[Scraped caption text data]
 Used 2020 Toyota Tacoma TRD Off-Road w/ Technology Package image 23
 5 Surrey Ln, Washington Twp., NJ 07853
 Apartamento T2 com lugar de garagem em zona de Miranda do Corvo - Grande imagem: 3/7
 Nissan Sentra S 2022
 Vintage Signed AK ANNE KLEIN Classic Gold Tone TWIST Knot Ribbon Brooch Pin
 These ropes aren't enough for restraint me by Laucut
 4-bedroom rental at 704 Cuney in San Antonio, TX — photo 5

### Assigned task
Repeat each entry above exactly as it appears.

### Answer to the problem
 Used 2020 Toyota Tacoma TRD Off-Road w/ Technology Package image 23
 5 Surrey Ln, Washington Twp., NJ 07853
 Apartamento T2 com lugar de garagem em zona de Miranda do Corvo - Grande imagem: 3/7
 Nissan Sentra S 2022
 Vintage Signed AK ANNE KLEIN Classic Gold Tone TWIST Knot Ribbon Brooch Pin
 These ropes aren't enough for restraint me by Laucut
 4-bedroom rental at 704 Cuney in San Antonio, TX — photo 5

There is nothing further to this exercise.